▶ **Exercise aim**: With pictures excluded, copy word for word the lines in the data below from the line containing "Man giving a presentation" through the line containing "- 5ml Bottle".

▶ **Data shown**:
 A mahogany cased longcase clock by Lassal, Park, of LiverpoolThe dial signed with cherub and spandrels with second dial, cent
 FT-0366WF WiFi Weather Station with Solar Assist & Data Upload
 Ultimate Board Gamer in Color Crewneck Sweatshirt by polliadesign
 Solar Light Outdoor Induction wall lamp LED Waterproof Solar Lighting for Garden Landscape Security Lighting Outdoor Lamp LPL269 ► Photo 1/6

* * *

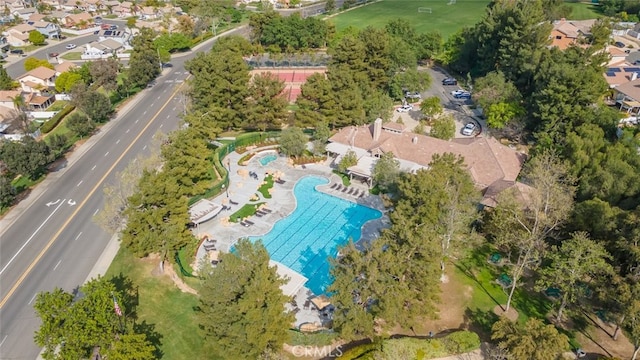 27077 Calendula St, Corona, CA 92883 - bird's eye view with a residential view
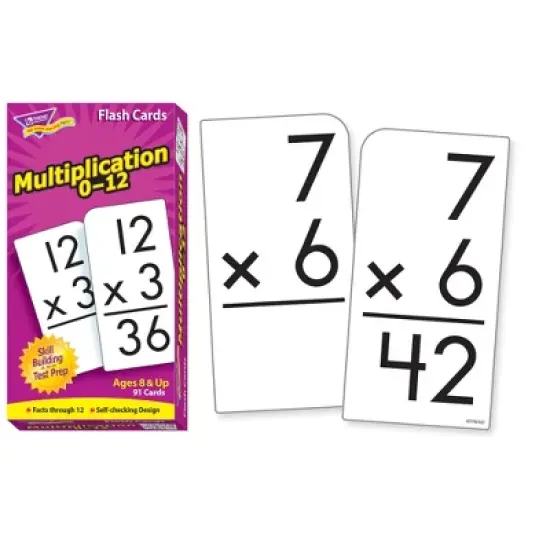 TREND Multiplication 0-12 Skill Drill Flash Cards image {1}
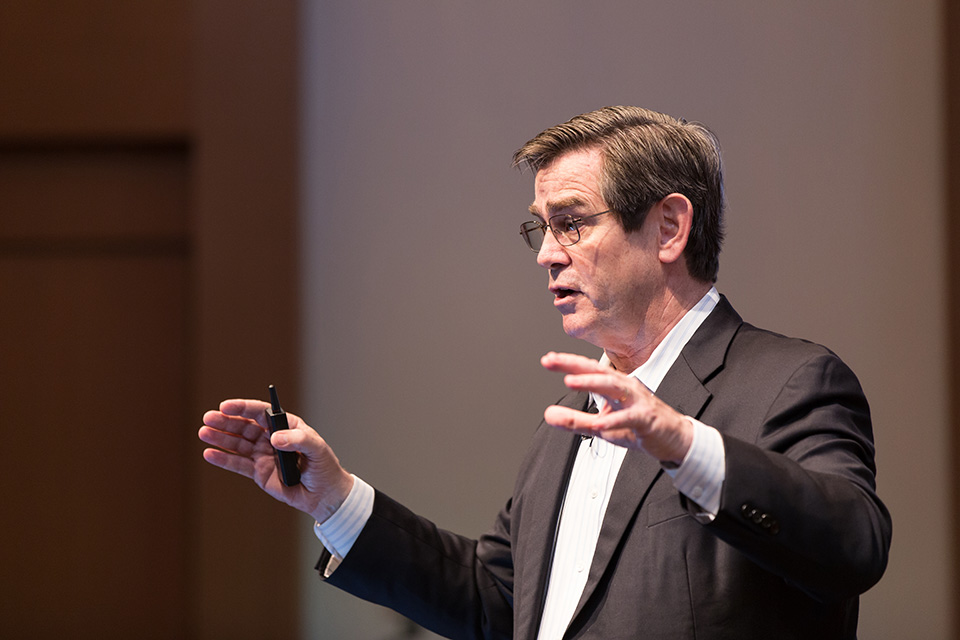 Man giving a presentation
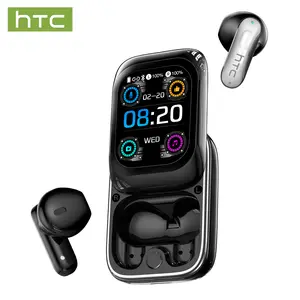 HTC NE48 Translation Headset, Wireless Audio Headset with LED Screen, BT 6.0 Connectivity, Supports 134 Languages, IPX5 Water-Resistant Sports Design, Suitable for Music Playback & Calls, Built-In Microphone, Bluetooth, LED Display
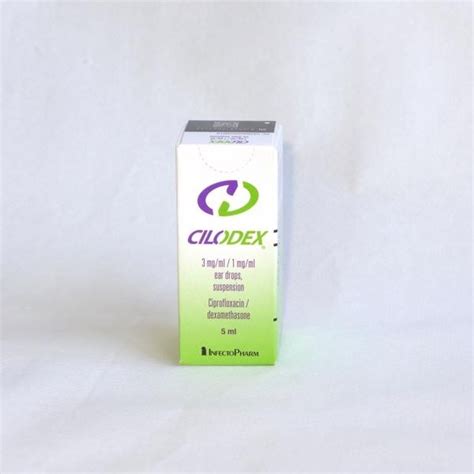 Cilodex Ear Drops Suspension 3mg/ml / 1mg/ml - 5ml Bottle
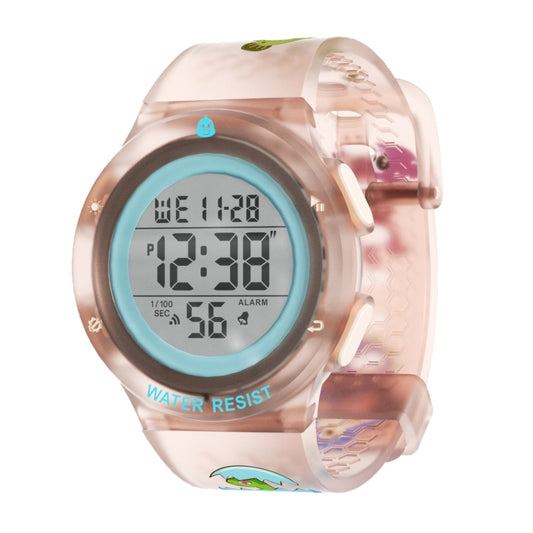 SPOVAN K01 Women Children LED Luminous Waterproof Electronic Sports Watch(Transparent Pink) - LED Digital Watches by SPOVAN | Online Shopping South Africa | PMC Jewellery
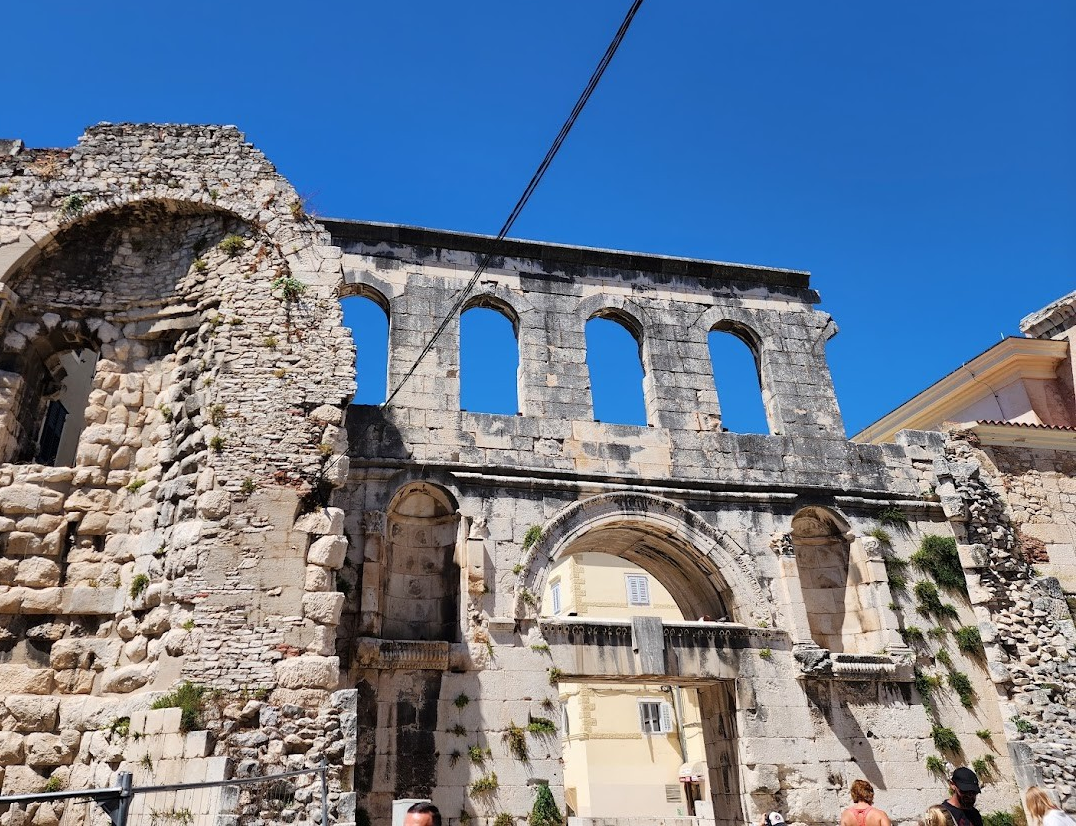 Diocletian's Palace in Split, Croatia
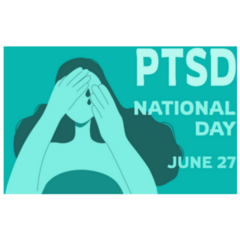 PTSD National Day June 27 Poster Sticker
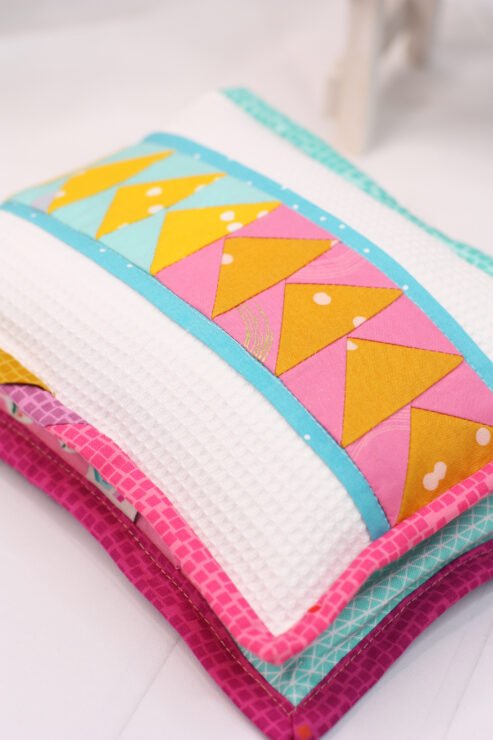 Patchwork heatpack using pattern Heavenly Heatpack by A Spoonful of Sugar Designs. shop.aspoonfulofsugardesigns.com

▶ **Answer section**:
 Man giving a presentation
 HTC NE48 Translation Headset, Wireless Audio Headset with LED Screen, BT 6.0 Connectivity, Supports 134 Languages, IPX5 Water-Resistant Sports Design, Suitable for Music Playback & Calls, Built-In Microphone, Bluetooth, LED Display
 Cilodex Ear Drops Suspension 3mg/ml / 1mg/ml - 5ml Bottle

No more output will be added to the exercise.